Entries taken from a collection
[Start of section]
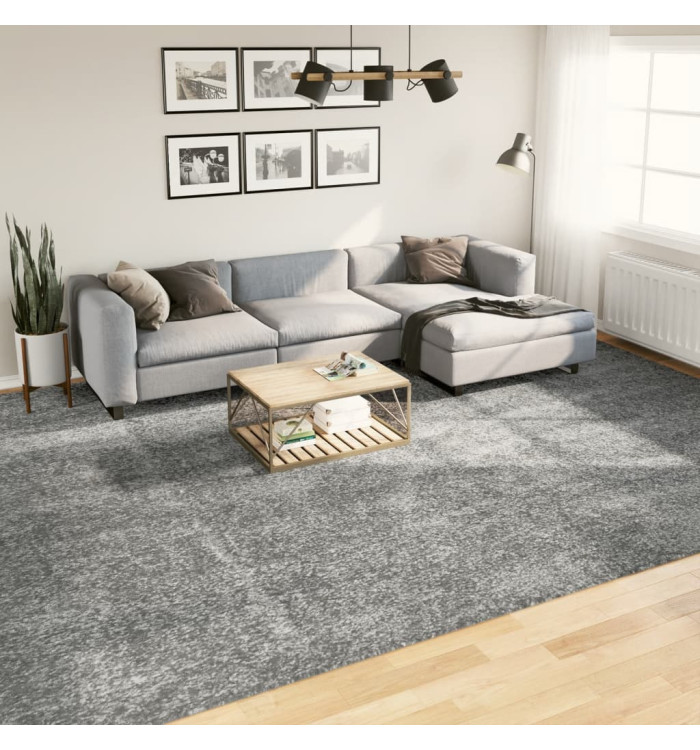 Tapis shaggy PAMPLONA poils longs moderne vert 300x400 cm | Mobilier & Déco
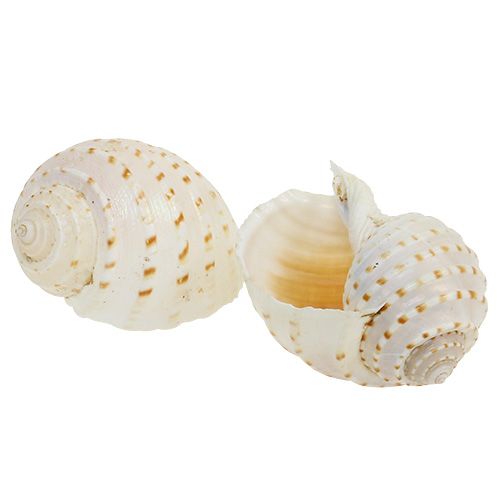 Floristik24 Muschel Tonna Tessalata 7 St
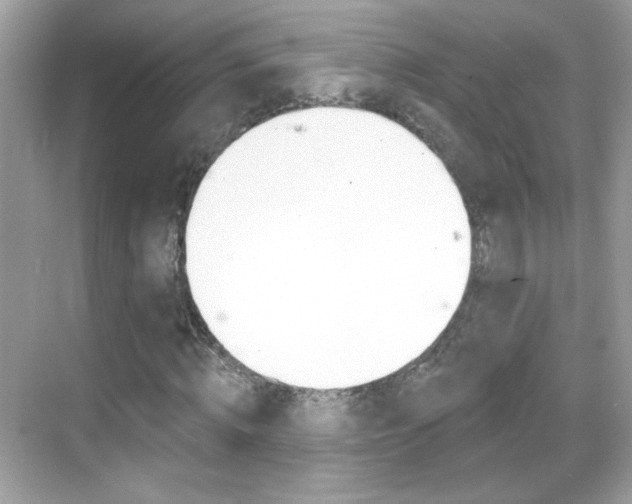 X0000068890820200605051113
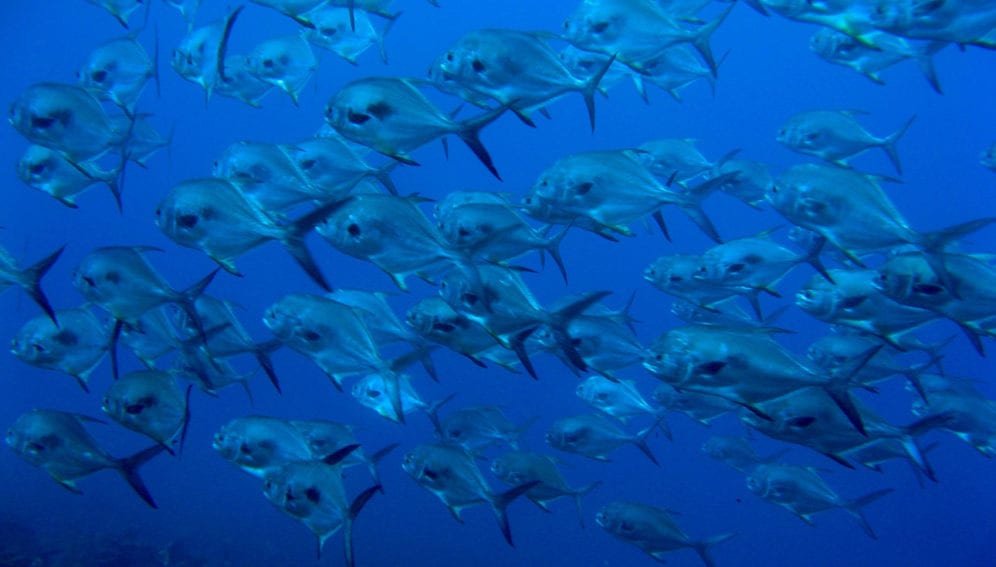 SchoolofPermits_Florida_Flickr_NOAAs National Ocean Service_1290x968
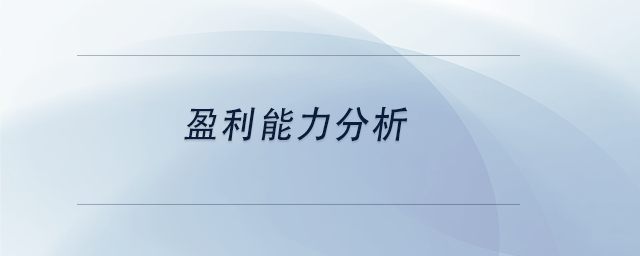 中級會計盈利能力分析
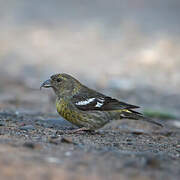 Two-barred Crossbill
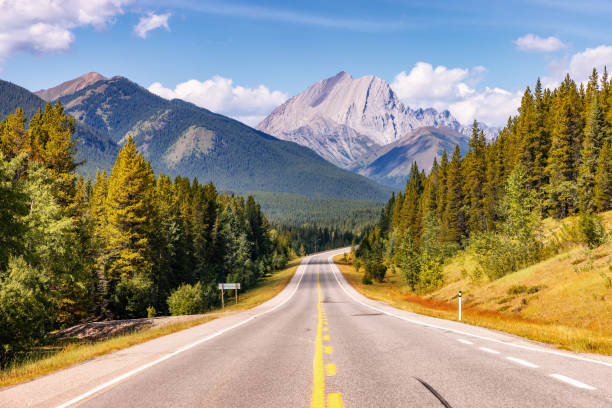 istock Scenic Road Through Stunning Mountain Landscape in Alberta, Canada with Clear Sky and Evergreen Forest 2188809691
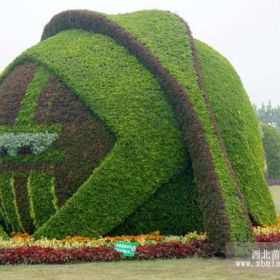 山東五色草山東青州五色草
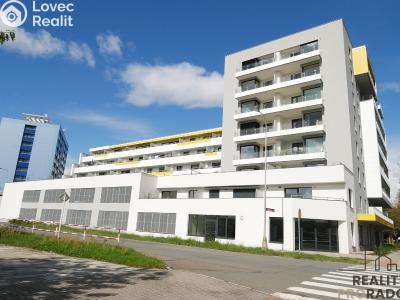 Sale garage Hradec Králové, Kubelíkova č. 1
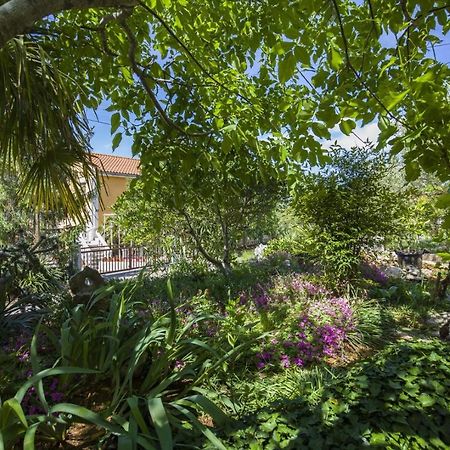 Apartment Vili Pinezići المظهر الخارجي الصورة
[End of section]
Work instruction: Going from the line holding "山東五色草山東青州五色草" to the last line of the data above, reproduce every line exactly, both included, with the pictures omitted.

Task response:
 山東五色草山東青州五色草
 Sale garage Hradec Králové, Kubelíkova č. 1
 Apartment Vili Pinezići المظهر الخارجي الصورة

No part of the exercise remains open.